Hyperparameter tuning in Model Selection

Saba Shahrukh January 14, 2026 0

Hyperparameter tuning is a crucial step in the model selection process. After choosing a machine learning model, its performance heavily depends on the hyperparameters, which are parameters set before the training process begins and control how the model learns. Finding the optimal set of hyperparameters is essential for achieving the best possible performance and generalization.

Here’s how hyperparameter tuning fits into model selection:

1. Optimizing Model Performance:

Fine-tuning the Learning Process: Hyperparameters directly influence the learning process of a model. For example, in a neural network, the learning rate determines the step size during weight updates. An inappropriate learning rate can lead to slow convergence or overshooting the optimal solution.
Controlling Model Complexity: Hyperparameters often control the complexity of the model, which directly impacts the bias-variance trade-off. For instance, the max_depth in a decision tree or the number of hidden layers in a neural network determine the model’s capacity to learn complex patterns. Tuning these helps in finding the right balance to avoid underfitting or overfitting.
Maximizing Evaluation Metrics: The goal of hyperparameter tuning is to find the hyperparameter configuration that maximizes the chosen evaluation metric (e.g., accuracy, F1-score, AUC) on a validation set. This ensures that the selected model performs well on unseen data.

2. Comparing Different Models:

Fair Comparison: To fairly compare different machine learning models, each model should be tuned to its optimal hyperparameter settings. Comparing models with their default or arbitrarily chosen hyperparameters might lead to incorrect conclusions about their relative performance.
Identifying the Best Potential: Hyperparameter tuning reveals the true potential of each model. A model that initially appears to perform worse than another might outperform it after proper tuning of its hyperparameters.

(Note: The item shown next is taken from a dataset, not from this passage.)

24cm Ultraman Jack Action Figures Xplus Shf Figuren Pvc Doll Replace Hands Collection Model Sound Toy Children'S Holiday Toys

3. Avoiding Overfitting and Underfitting:

Regularization Strength: Many models have hyperparameters that control the strength of regularization techniques (e.g., alpha in Ridge/Lasso regression, dropout_rate in neural networks). Tuning these hyperparameters is critical for preventing overfitting by penalizing model complexity.
Early Stopping: For iterative training algorithms like gradient boosting or neural networks, early stopping is a hyperparameter that determines when to stop training based on the performance on a validation set. This helps in preventing overfitting by stopping the training before the model starts to learn noise in the training data.

Common Hyperparameter Tuning Techniques:

Grid Search: Exhaustively searches through a predefined subset of the hyperparameter space. It evaluates the model’s performance for every possible combination of hyperparameter values. While thorough, it can be computationally expensive, especially with a large number of hyperparameters and a wide range of values.
Random Search: Randomly samples hyperparameter combinations from a defined search space and evaluates the model’s performance for each sampled combination. It’s often more efficient than grid search, especially when only some hyperparameters significantly affect performance.
Bayesian Optimization: Uses probabilistic models to guide the search for the optimal hyperparameters. It iteratively evaluates hyperparameter configurations and updates the probability model to suggest promising new configurations to explore. This method is often more efficient than grid or random search, especially for expensive-to-evaluate models.
Sequential Model-Based Optimization (SMBO): A framework that includes Bayesian Optimization and other techniques that sequentially build models to approximate the performance of different hyperparameter settings.
Population-Based Training (PBT): Trains a population of models in parallel, periodically exploiting the better performing models to improve the hyperparameters of the rest.
Hyperband: A more efficient approach to random search that adaptively allocates resources to promising configurations and aggressively eliminates poorly performing ones.

In summary, hyperparameter tuning is an integral part of the model selection process. It ensures that each candidate model is evaluated at its peak performance, allowing for a more accurate and meaningful comparison. By finding the optimal hyperparameters, we can build models that generalize well to unseen data and effectively solve the intended machine learning problem.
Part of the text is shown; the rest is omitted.